Часто приходится слышать мнение о закрытости и даже высокомерии Окуджавы. Ничего этого я на себе не почувствовал и близко. Да, он не терпел фамильярности и амикошонства. Но был и теплым, и даже каким-то домашним, что ли. Приглашал нас с женой на чай. Как-то, вернувшись из Штатов, позвал меня продемонстрировать привезенную оттуда диковинную в те годы игрушку – довольно примитивный компьютер, играющий с тобой в шахматы. Я поиграл. Еще БШ постоянно спрашивал, не вовлекают ли меня в пьянство всякие там – и он назвал во множественном числе имя одного незначительного стихотворца, поклонника Самойлова, – когда Самойлыч приезжает в Москву…
И к нам на ВЛК Окуджава тоже однажды пришел. Его позвал руководитель поэтического семинара, прекрасный поэт, как и БШ фронтовик, человек с глазами падшего ангела (определение Соболя) Александр Петрович Межиров.

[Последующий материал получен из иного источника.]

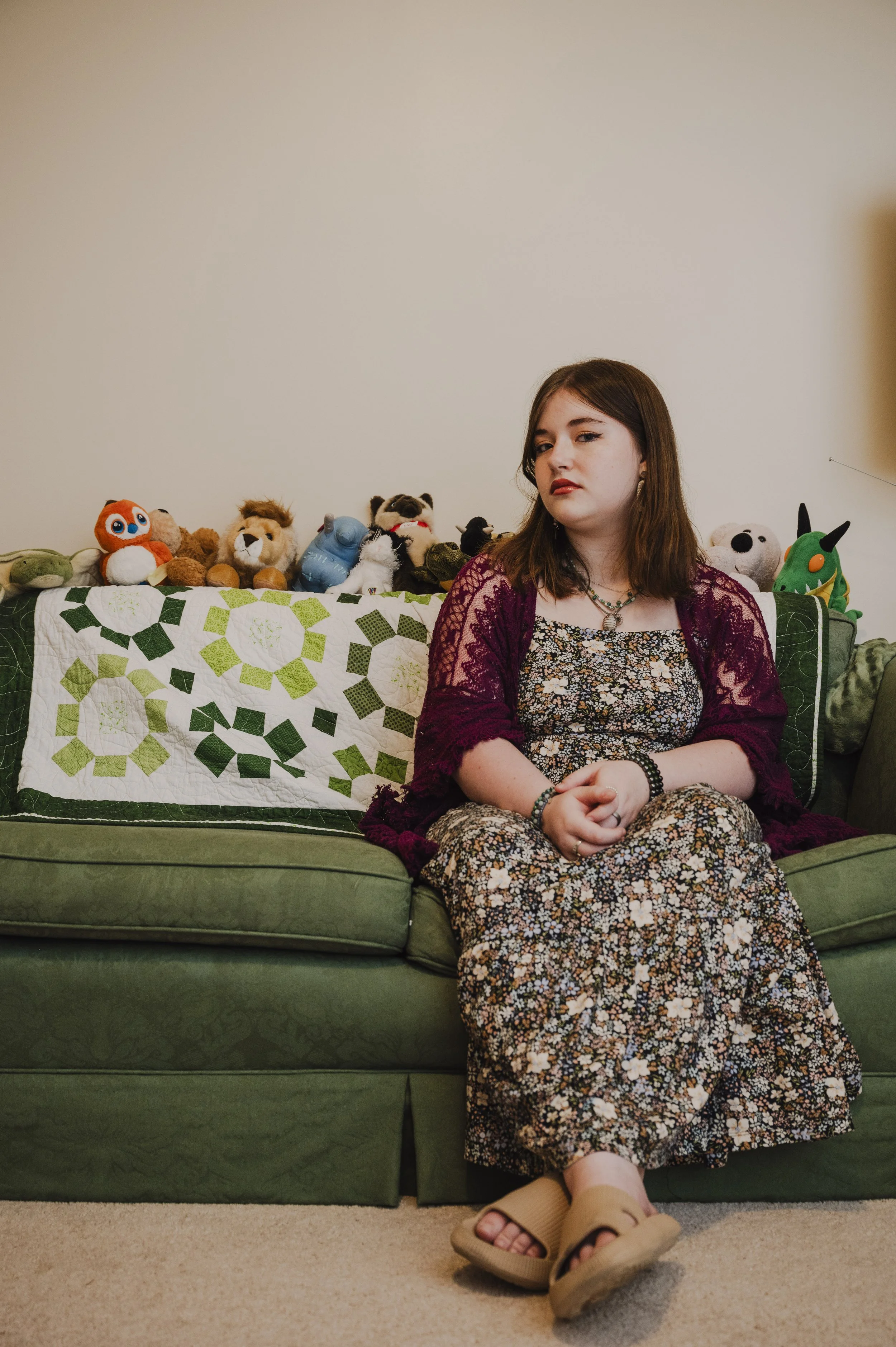 A young woman sitting on a green couch with a floral-patterned skirt, wearing a maroon lace cardigan and sandals, with stuffed animals arranged on the back of the couch, including a fox, lion, raccoon, panda, and a green plush toy.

О, как мне завидовали все однокашники, что БШ со мной поздоровался и о чем-то заговорил! По-моему, после этого мои отношения с ними немотивированно, как мне казалось, осложнились. А Окуджава тогда даже спел. И Межиров его пение нам прокомментировал:
– Т-т-талантливо даже то, как он ставит ногу на стул, чтобы поддерживать гитару!
Вскоре, закончив ВЛК, я поступил на работу в «Крестьянку» завотделом литературы и попросил у БШ новые стихи для журнала. И хотя Окуджава вряд ли крестьянский поэт, а «Крестьянка» далеко не престижное литературное издание (в те уже перестроечные годы любой журнал был бы счастлив напечатать Окуджаву), БШ отдал мне новые стихи, чтобы поддержать начинающего редактора. А однажды Окуджава даже пел песни на вечере «Крестьянки» в каком-то ДК. Это к вопросу о его якобы снобизме…
Надо сказать, в то время моя жена была беременна. Как-то зимним днем (я был на работе) Булат Шалвович встретил ее, скользящую по направлению к булочной. Тут же он подошел, дал руку и проводил ее до магазина и обратно.
С тех пор БШ время от времени ей звонил, спрашивал, не надо ли чего, и прогуливал («Беременным надо много гулять!») или снова сопровождал до булочной. А меня он спрашивал, не надо ли денег. И раза три я деньги у Окуджавы занимал. Самое трудное было долг возвращать – Булат Шалвович всякий раз удивленно поднимал свои и без того «удивленные» брови и очень убедительно говорил, что не помнит, чтобы я был ему что-то должен…
В те годы еще проводились многочисленные фестивали литературы, практиковались писательские поездки по стране.
На одном из таких фестивалей – грандиозных Днях советской литературы в Абхазии (это ноябрь 1984 года) – мы оказались вместе с Окуджавой. Трудно сказать, кого из наших знаменитых писателей (по-моему, только Ахмадулиной и Самойлова) и чего из грузино-абхазских знаменитых напитков там не было. И там Булат Шалвович взял надо мной шефство. На всех банкетах и просто обедах он усаживал меня рядом с собой и как знаток грузино-абхазской кухни (тогда еще было возможно такое словосочетание всего лишь через дефис) руководил моим чревоугодием – советовал, что при моей ранней язве (сам был язвенником) есть можно, а чего – категорически нельзя. Что касается напитков – тем более.